Vanité de Duloz
Grâce à l'éblouissante Maq, j'ai pu lire un article en rapport avec Beyrouth à propos d'un phénomène que j'avais oublié : le syndrome Lawrence d'Arabie. Rapidement et sans détails, vu que le brevet est en cours d'enregistrement, ce syndrome touche les jeunes occidentaux qui parviennent au Moyen-Orient et sont capables de flairer dans les parfums de mort les effluves de l'action romantique. Jonathan Littell en est donc sérieusement atteint et nous en livre quelques symptômes dans une interview au Point. L'auteur couronné par le prix Goncourt, mais qui bien sûr crache sur ce milieu littéraire pourri, assène d'entrée de jeu sur Beyrouth "«C'est pas pire que Mostar ! », ce qui ne veut rien dire, mais permet aux gens de lui demander "ha bon ? Vous connaissez Mostar ?" et lui répondra "oui, je me souviens lorsque bla bla bla...".

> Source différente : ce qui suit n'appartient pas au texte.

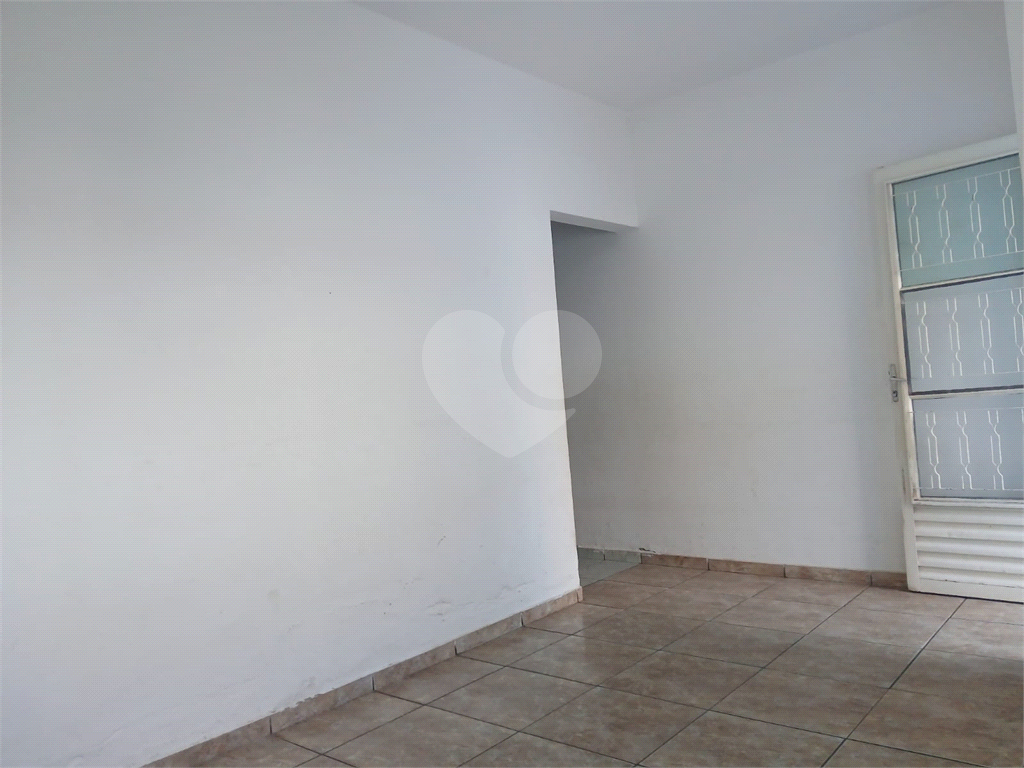Casa à venda com 2 quartos, 70m² - Foto 4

Littel séjourne à l'hôtel Alexandre, qui est l'endroit traditionnel d'accueil pour les "petits" auteurs invités par l'Ambassade de France, sinon c'est l'Albergo, que je vous recommande si vous avez des sous. Evidemment, Jonathan ne peut s'empêcher de demander la même chambre que celle qu'a occupée en 1982 Ariel Sharon, que Littell appelle "Le Lion". Il aurait dit "Arik", ça aurait été aussi provoc, mais Jojo ne fait pas de la provoc, c'est un voyageur qui vient "discuter" avec les gens, un peu comme Dieudonné mais en plus juif. Je me demande si à l'aéroport il le savait que M. Littell est juif. Sans doute pas. Schwartzmann ou Bensoussan oui, c'est juif, mais Littell, ça sonne comme little, ça fait américain. Armé d'un vieux copain qu'on ne connaît pas mais qui dit "khalas" comme un vrai Français arrivé depuis deux jours au Liban, Littell parcourt le pays en voyageur.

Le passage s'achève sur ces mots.